RSS icon Email icon Home icon
 
LinkedIn Twitter Facebook

  • Watch That Next Step!

    December 18th, 2015

    By Danny Manus

    I’m sure you’ve heard it said that screenwriting is a marathon, not a sprint. But in truth…it’s both. And sometimes it’s not the first step OR the last step that’s most important, but those treacherous steps in the middle as you make the run from aspiring screenwriter to professional.

    As a script consultant and writing coach, many of my clients are at a sensitive juncture in their writing career. They’ve written their first scripts – and perhaps their second, third or fourth as well. They’ve gotten feedback, they’ve rewritten, they’ve polished, they’ve submitted to prestigious contests and they finally get the email they’ve been waiting for… They’re a contest finalist or maybe even the big winner!

    They have beaten out thousands of other aspiring writers and have won the grand prize of whatever prestigious contest it might be.

    AWESOME!

    …..Now what?

    This is the question that so many writers don’t know how to answer and because of that, either they don’t know how to capitalize on it OR they try to capitalize when they’re not actually ready and end up screwing their chance.
    First things first. If you were lucky enough to win a major contest with your first script, that’s amazing. But you need to go write your second one before you start contacting agents. Yes, you can start querying and calling production companies with your contest-winning script but while you’re doing that, ride that wave of motivation to write and finish your next script!

    Next, look at the contest you won. You should be entering contests that afford you opportunities to get read and make in-roads to industry connections. So, if those contests promise to send your script to X companies, then that’s your next step.

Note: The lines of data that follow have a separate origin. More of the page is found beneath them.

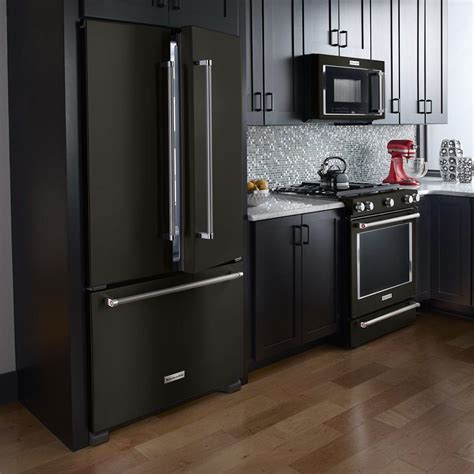 black stainless steel appliances with black cabinets|black fridge in white kitchen.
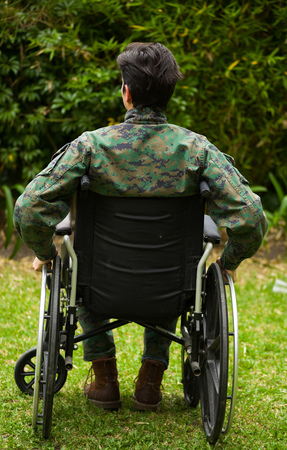 Young soldier sitting on wheel chair at outdoors in the patio, touching with his hands the wheels and giving a back, in a backyard backgroundの写真素材
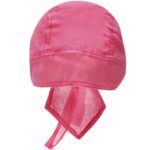 A bright pink head covering with a rounded top and ties hangs freely displaying its smooth fabric and lightweight design in a neutral background.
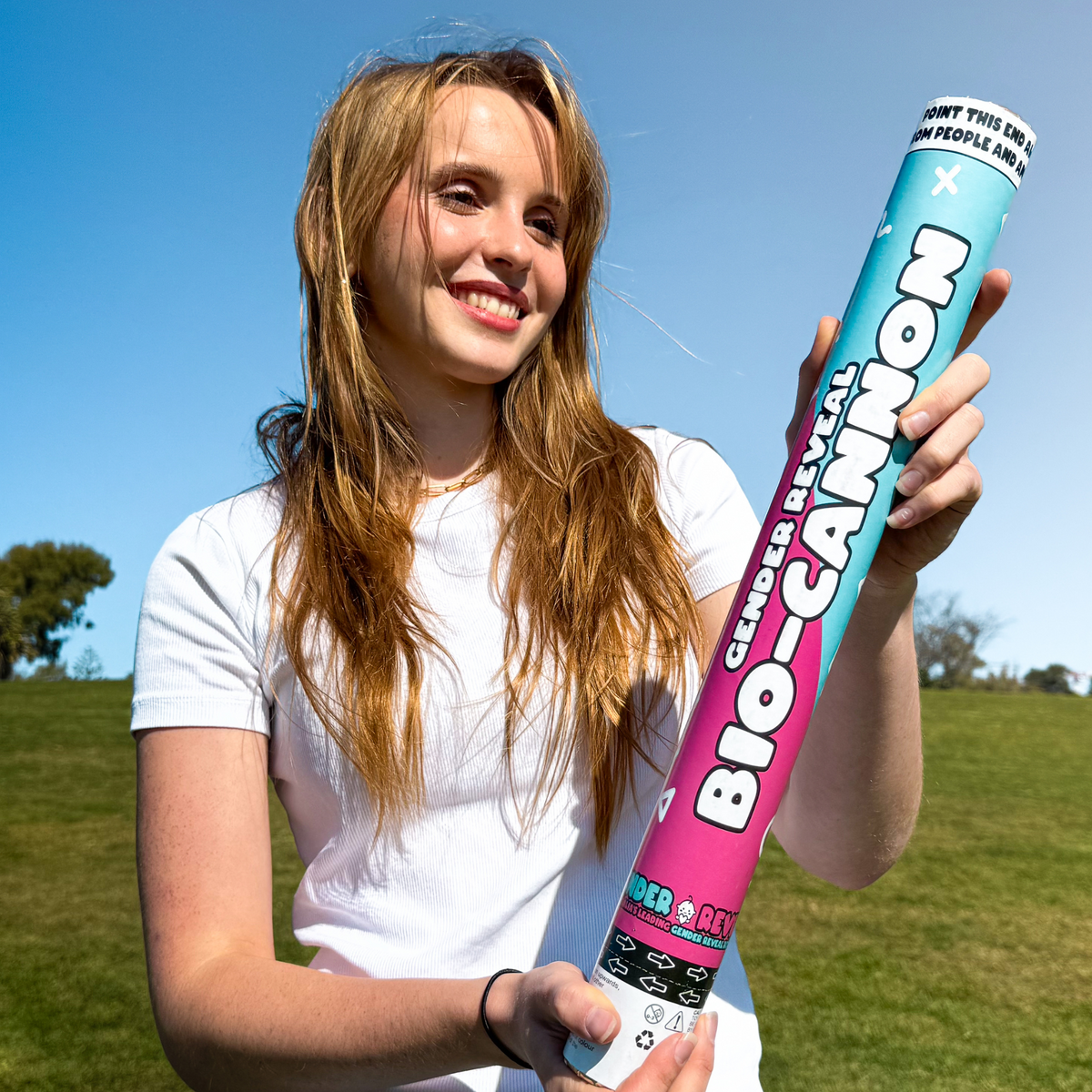 Person in white t-shirt holding Gender Reveal Confetti & Powder Cannon XL 50cm outdoors against blue sky and grassy hill background, showcasing the large blue and pink gradient product tube with excited expression.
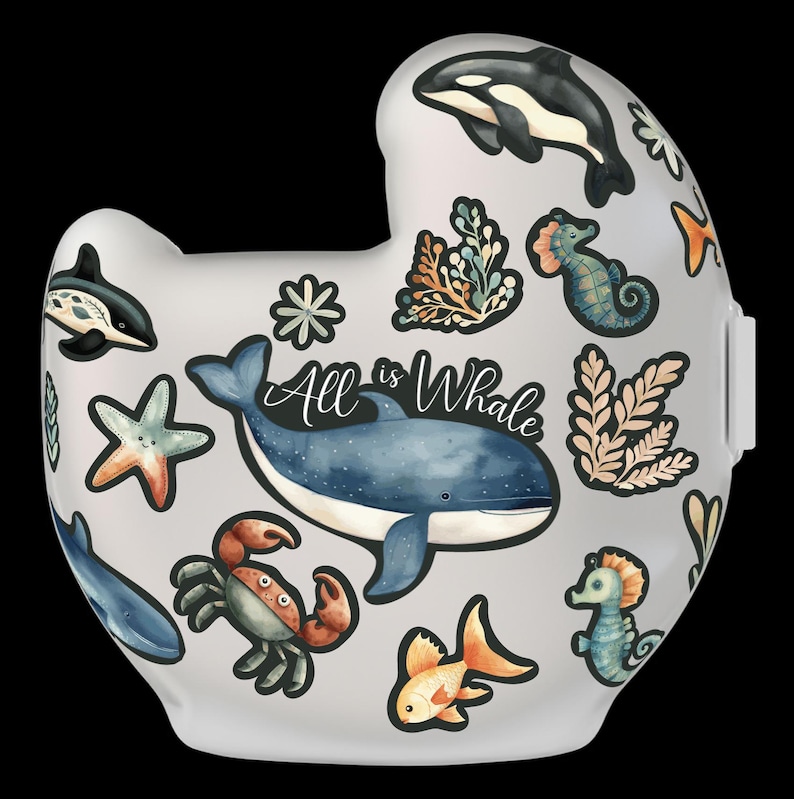 Op de afbeelding: Een witte keramische mok met een fantasierijk ontwerp met een oceaan thema. De mok heeft een blauwe walvis, een zeester, een krab, zeepaardjes en zeewier. De tekst "All is Whale" is geschreven in zwarte cursieve letters.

    You want to capitalize on whatever buzz or momentum you can muster in this business. So, if there are social media announcements about how you’re the big winner – use that! But don’t just rely on the contest to do the work for you. Start making phone calls and your first sentence is “Hi, I just found out I beat out 4,500 other writers to be this year’s grand prize winner of Script Pipeline (for example), and I am currently looking for representation. I’d love to talk to you about my script.”

    But before you start calling every manager, agent and production company out there about that first contest win, you need to know a few things that no one else will tell you…

    1. If you won (or were a finalist in) a TV contest with a spec of an existing show, managers and producers don’t care as much because they can’t sell that script. And every single rep you call will say, “Great, do you have an original pilot you can send?” They may want to read your spec ALSO, but they will definitely ask for an original. If your answer is no, then your win doesn’t really mean anything except it should give you a big vote of confidence to start writing your original pilots!

    If you won with a spec for an existing series, and you DO have other original pilots that are completed, polished and ready to go, then use your existing spec win as leverage to get reps or producers to read your original pilot. Call about the win, but have the pitch for your original series ready for that call. You should absolutely mention the contest win in your query letter, but your query should be for your original pilot. Leverage the spec win to get the read of your original. It will mean much more.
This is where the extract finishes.